When most people talk about weeds in their lawn, they are usually talking about broadleaf weeds. These can be perennials, such as dandelions and thistles, or annuals such as oxalis and spotted spurge. Broadleaf weeds can be treated throughout the growing season but spring is the time of year when they will be most prevalent.
What's the difference between broadleaf and grassy weeds?
Efforts to control crabgrass and other annual grassy weeds focus on preventing their growth in the spring and early summer with the use of pre-emergent herbicides. The effectiveness of pre-emergent herbicides has much to do with weather conditions.
Lawns with excessive annual grassy weed populations may take several seasons to be brought under control. Post-emergent sprays for crabgrass are available. Crabgrass, like most weeds, are "opportunistic plants." They will germinate and grow wherever there is a spot of bare ground, as is found in thin undermaintained turf. Much progress can be made on a crabgrass problem by providing adequate fertilization and irrigation, or in some cases overseeding the lawn with desirable turfgrasses, thereby allowing the desirable grasses to outcompete the weeds.
Perennial Grassy Weeds
There are some undesirable grasses that appear in a lawn that cannot be controlled. Quackgrass and dallis grass are examples of unwanted perennial grasses. There are no products available to us that will control perennial grassy weeds such as these without harming the desirable turfgrasses.
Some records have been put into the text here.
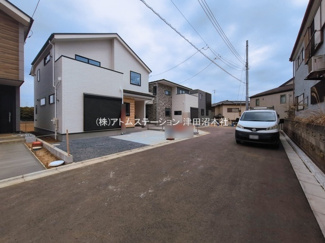 【前面道路含む現地写真】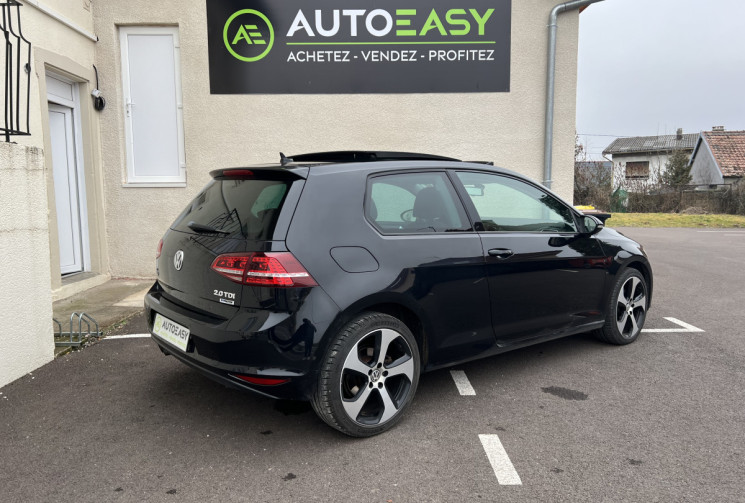 VOLKSWAGEN GOLF 7  2.0 TDI  Blue Motion S&S 150 CH CARAT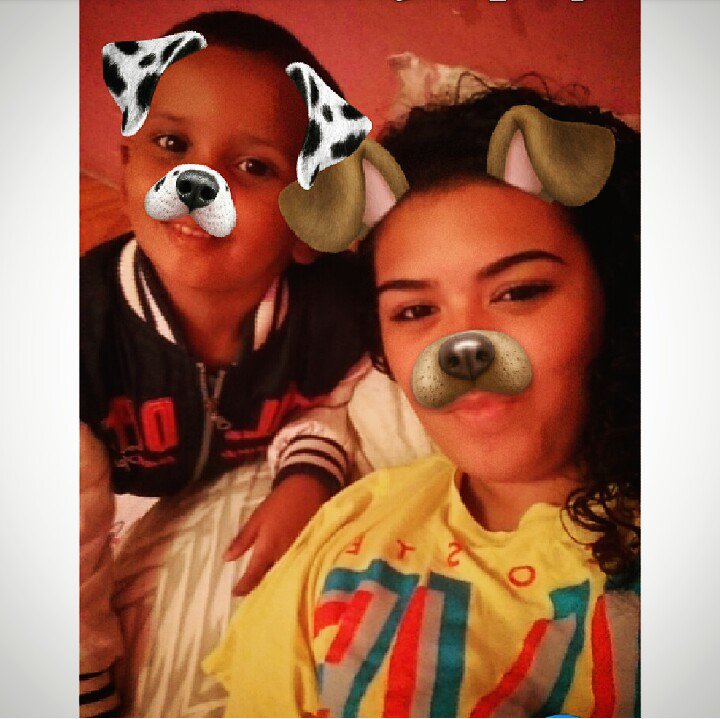 cassiaelleen's tweet photo. um amor por essa foto #daquicommeubebezinho #Guui 😍💙 https://t.co/Qh7hJdMUXu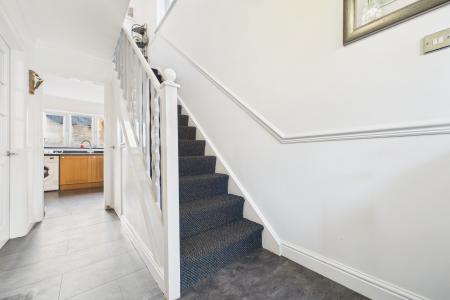 3 bedroom Semi-detached house for sale in Fulford Crescent, New Holland, North Lincolnshire, DN19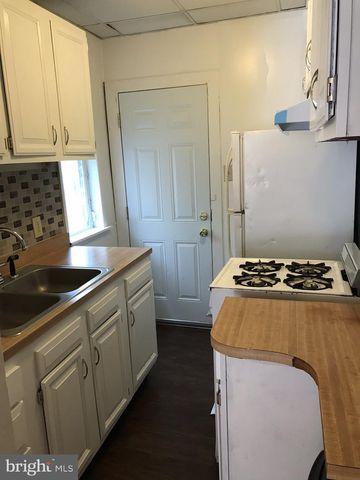1037 COTTON ST, Reading, PA 19602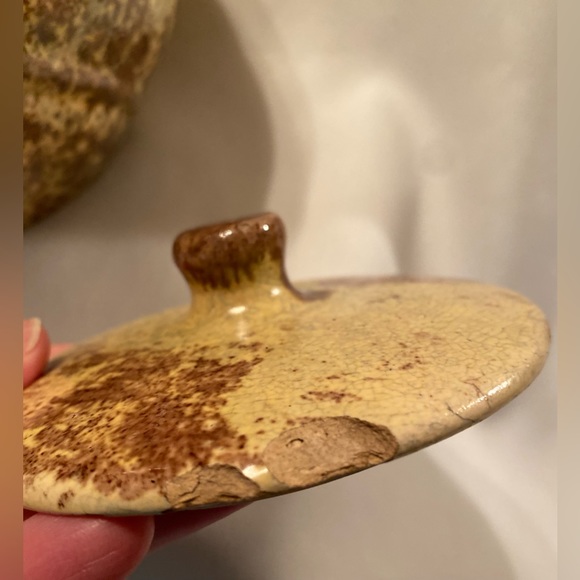 Vintage Gonder 8.5" Yellow & Brown Drip/Sponge P-24 U.S.A Swirl Round Cookie Jar - Picture 6 of 12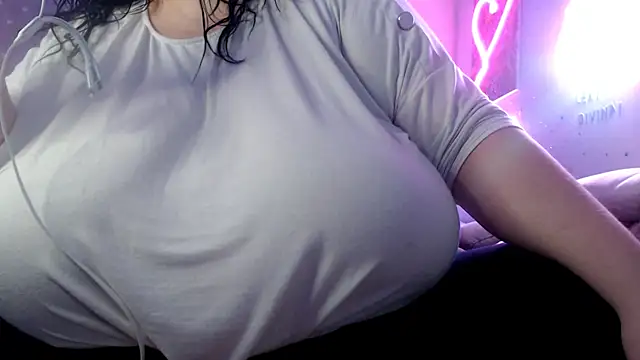 SenzualHotM online show from March 22, 2025, 1:11 am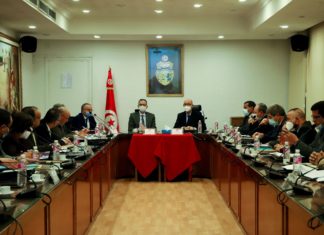 جلسة عمل مشتركة بين وزارتي الفلاحة وأملاك الدّولة حول وضعيّة الأراضي الدّوليّة بولاية سليانة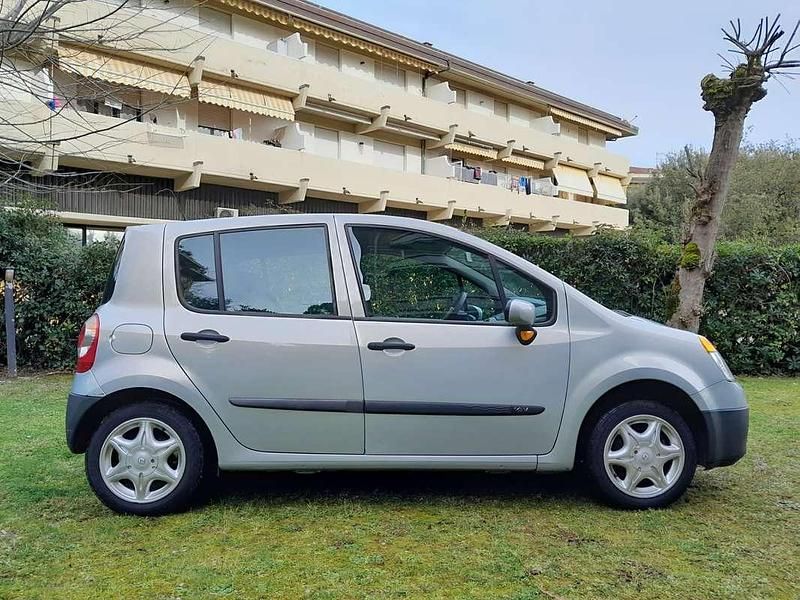 Usata Renault Modus Expression 75 CV (55 kW) 2005 Argento Monovolume
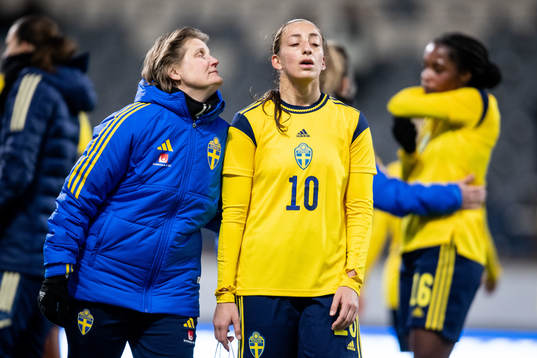 Rusul Rosa Kafaji of Sweden looks dejected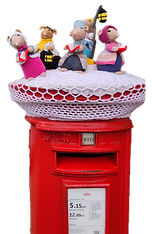 Decorated Post Box Christmas.png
You can limit the spread of undesirable grasses by doing all you can to nurture your desirable grass with proper watering, fertilization and mowing practices.
Products are now available to control SEDGES in turfgrass. Sedges, which are neither true grasses, nor true broadleaf plants, can be identified by their lime-green color, their waxy, triangular leaves and their tendency to stick out above the turf.